▶ **Exercise aim**: Output, exactly as written, the lines below from the one that has "Sevcan Yaşar: Sermiyan" through the one that has "knee joint pain"; nothing else, and no pictures.

▶ **Source records**:
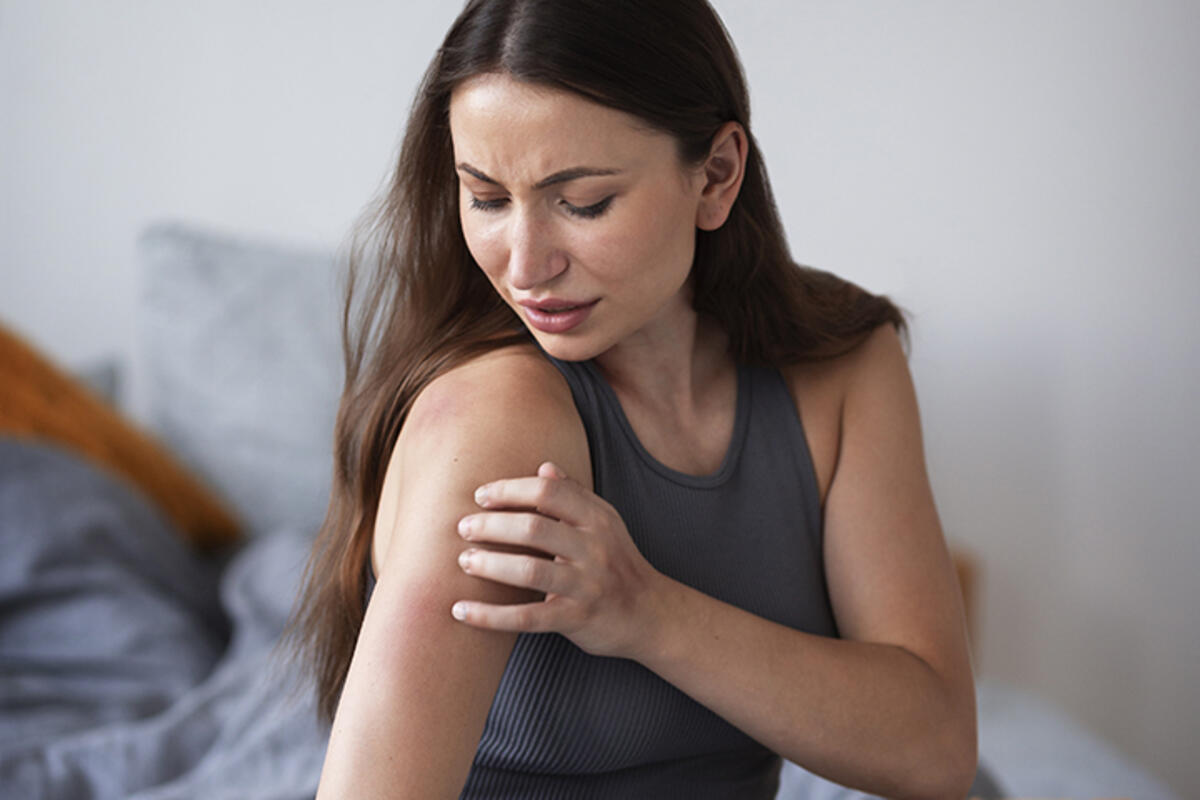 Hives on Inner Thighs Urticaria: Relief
==
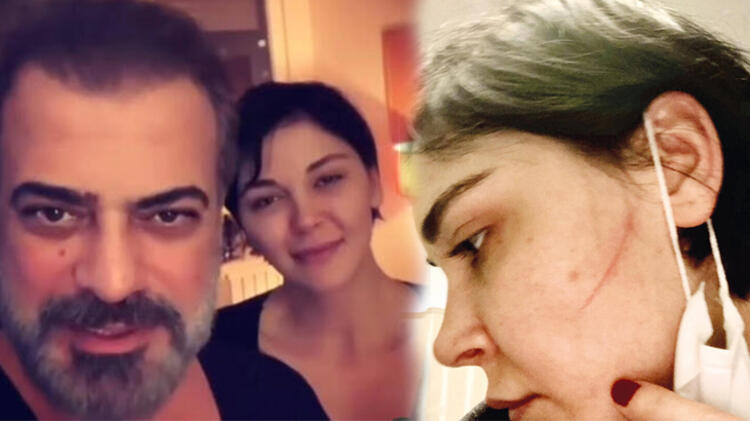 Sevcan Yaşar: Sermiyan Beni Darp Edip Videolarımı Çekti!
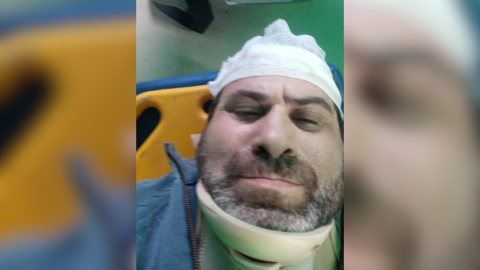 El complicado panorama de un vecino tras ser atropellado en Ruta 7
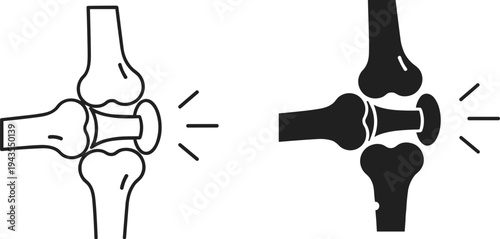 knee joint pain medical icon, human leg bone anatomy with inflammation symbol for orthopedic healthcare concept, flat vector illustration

▶ **Exercise response**:
 Sevcan Yaşar: Sermiyan Beni Darp Edip Videolarımı Çekti!
 El complicado panorama de un vecino tras ser atropellado en Ruta 7
 knee joint pain medical icon, human leg bone anatomy with inflammation symbol for orthopedic healthcare concept, flat vector illustration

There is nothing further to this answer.